__The task__: From the first line to the last, copy the listing exactly and omit the pictures.
--- Supplied records ---
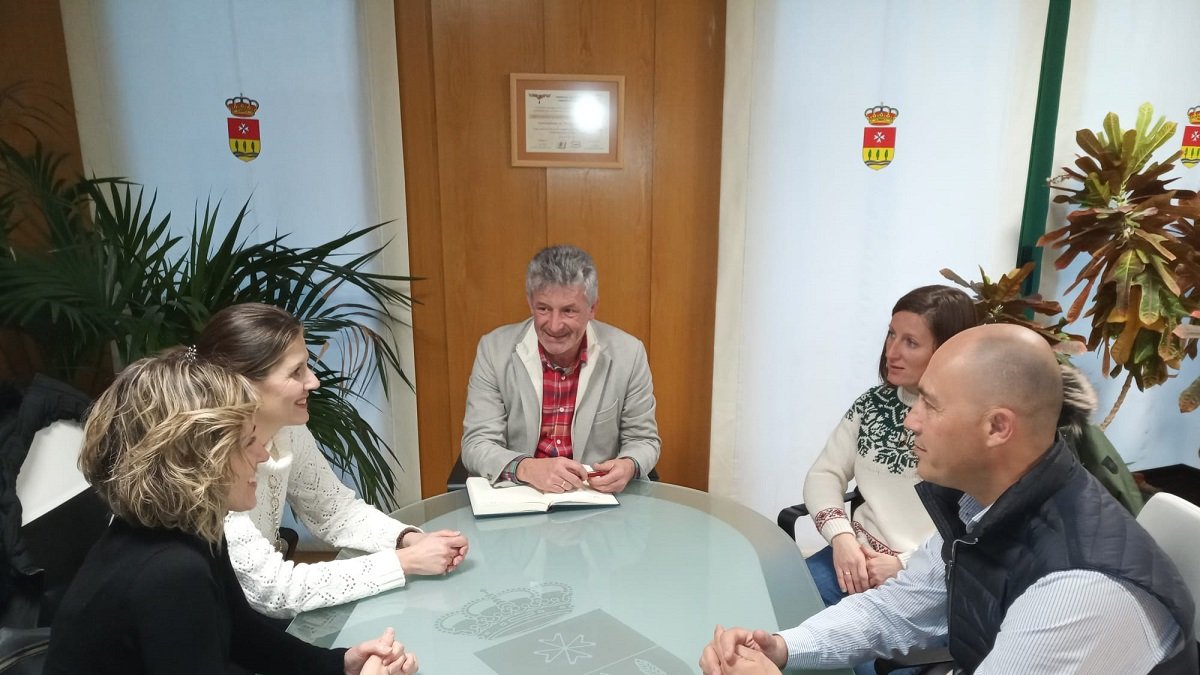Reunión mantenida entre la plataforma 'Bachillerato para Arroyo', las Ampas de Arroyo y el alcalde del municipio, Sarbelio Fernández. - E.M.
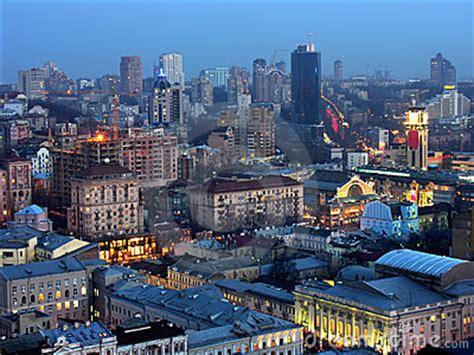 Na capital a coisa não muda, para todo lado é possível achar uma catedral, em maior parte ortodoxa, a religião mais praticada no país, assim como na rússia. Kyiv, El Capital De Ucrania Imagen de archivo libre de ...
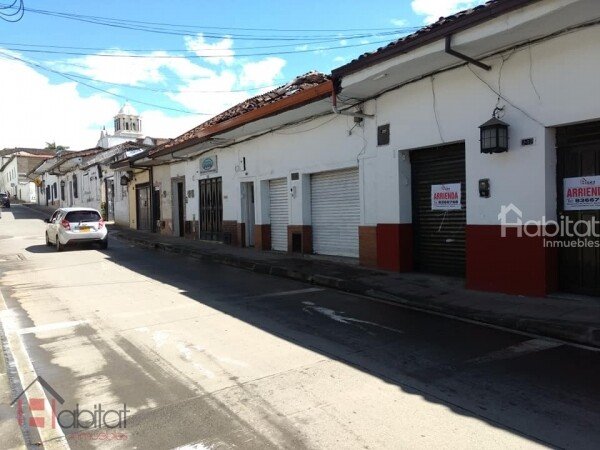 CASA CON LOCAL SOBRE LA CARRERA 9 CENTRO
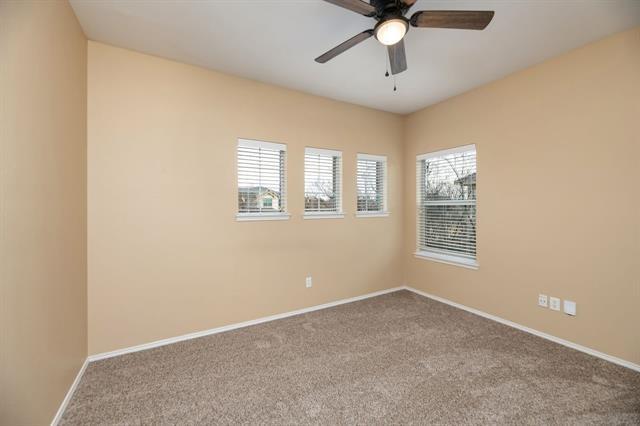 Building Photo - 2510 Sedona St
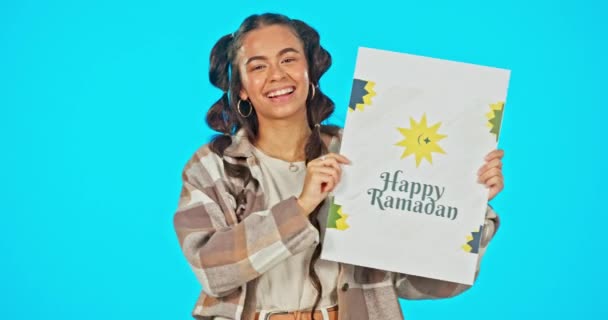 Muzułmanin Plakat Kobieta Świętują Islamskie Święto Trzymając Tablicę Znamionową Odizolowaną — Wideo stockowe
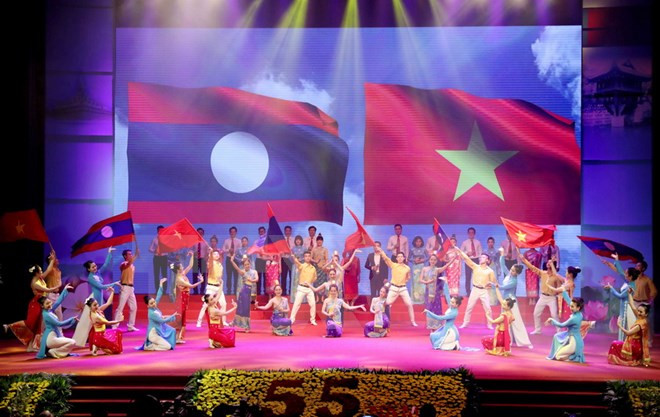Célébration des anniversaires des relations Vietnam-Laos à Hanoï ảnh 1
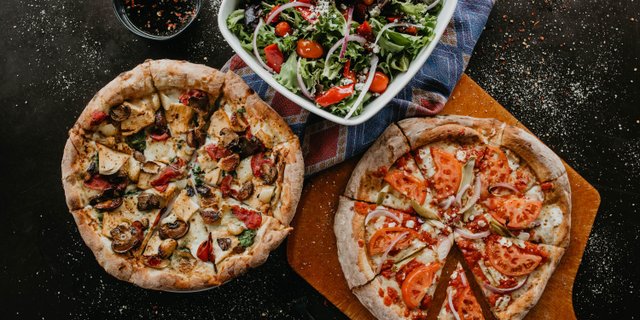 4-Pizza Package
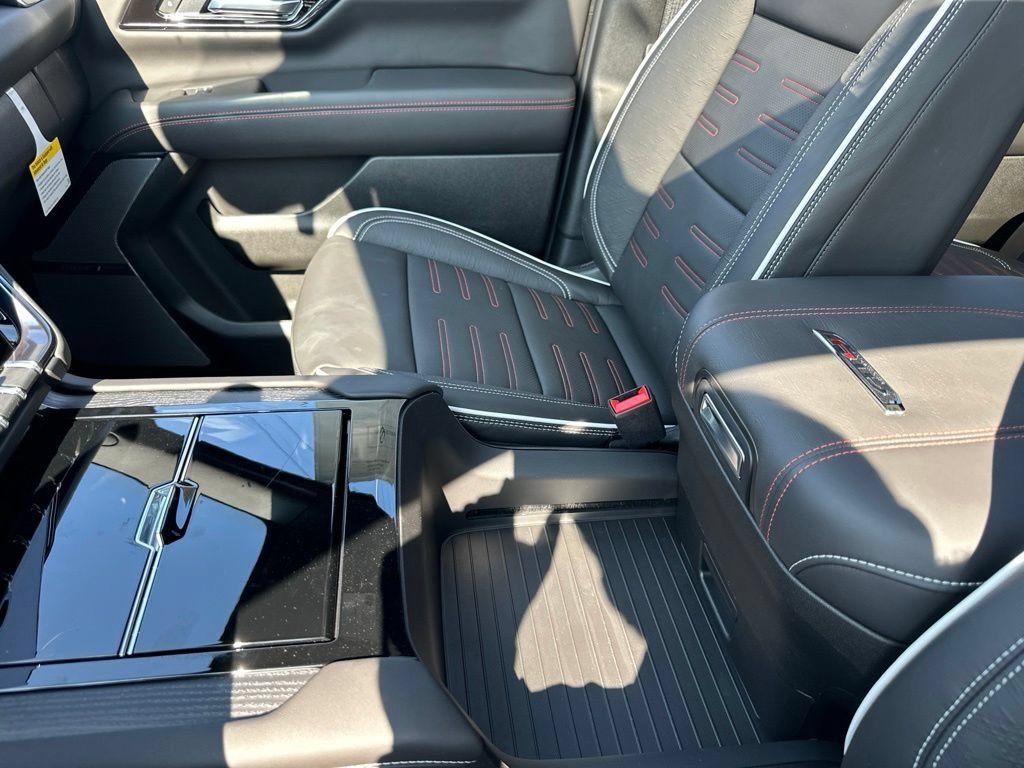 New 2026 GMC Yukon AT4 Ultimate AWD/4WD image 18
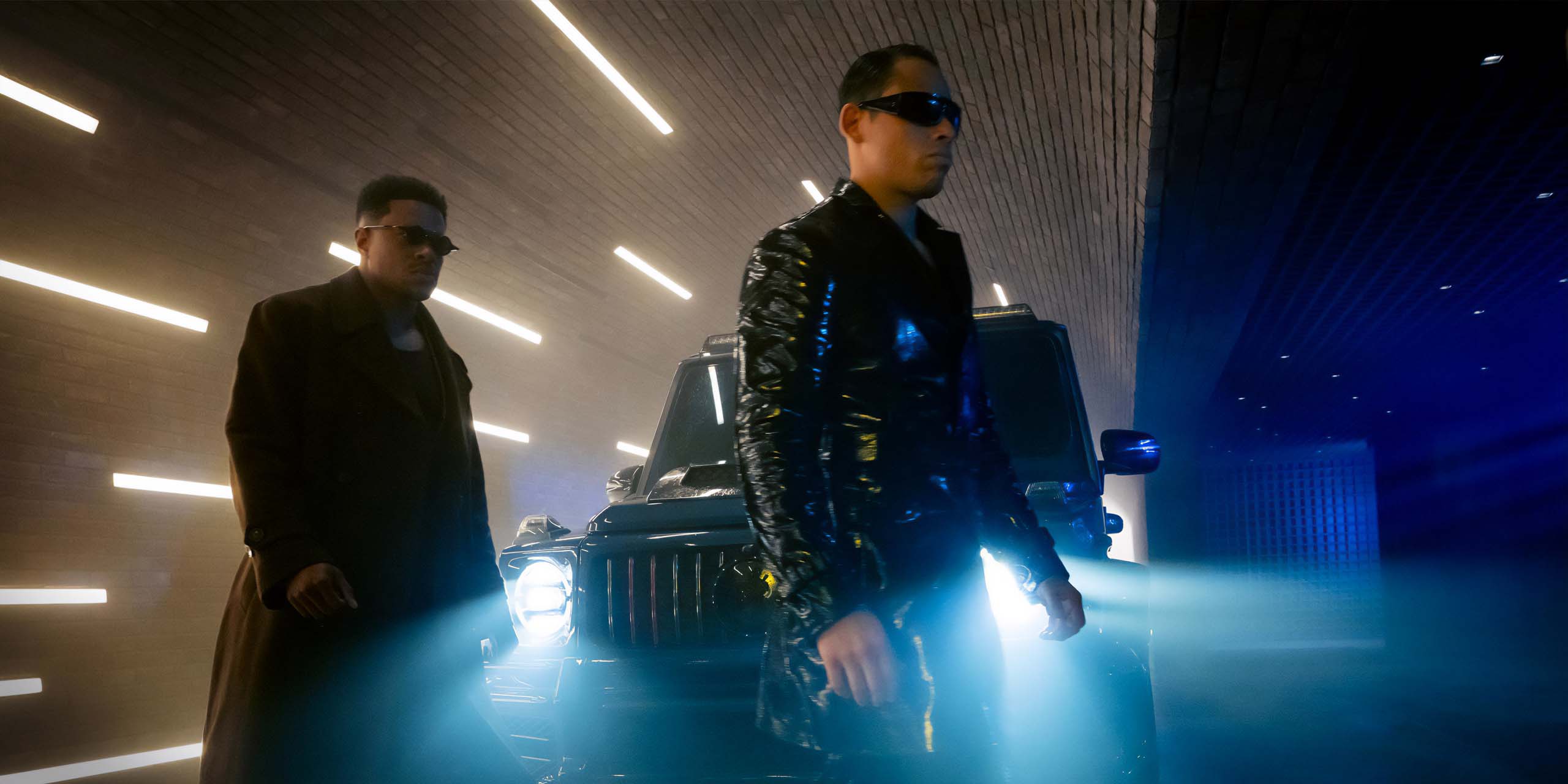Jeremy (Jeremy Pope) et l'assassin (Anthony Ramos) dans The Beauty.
---
__Written reply__:
Reunión mantenida entre la plataforma 'Bachillerato para Arroyo', las Ampas de Arroyo y el alcalde del municipio, Sarbelio Fernández. - E.M.
 Na capital a coisa não muda, para todo lado é possível achar uma catedral, em maior parte ortodoxa, a religião mais praticada no país, assim como na rússia. Kyiv, El Capital De Ucrania Imagen de archivo libre de ...
 CASA CON LOCAL SOBRE LA CARRERA 9 CENTRO
 Building Photo - 2510 Sedona St
 Muzułmanin Plakat Kobieta Świętują Islamskie Święto Trzymając Tablicę Znamionową Odizolowaną — Wideo stockowe
Célébration des anniversaires des relations Vietnam-Laos à Hanoï ảnh 1
 4-Pizza Package
 New 2026 GMC Yukon AT4 Ultimate AWD/4WD image 18
Jeremy (Jeremy Pope) et l'assassin (Anthony Ramos) dans The Beauty.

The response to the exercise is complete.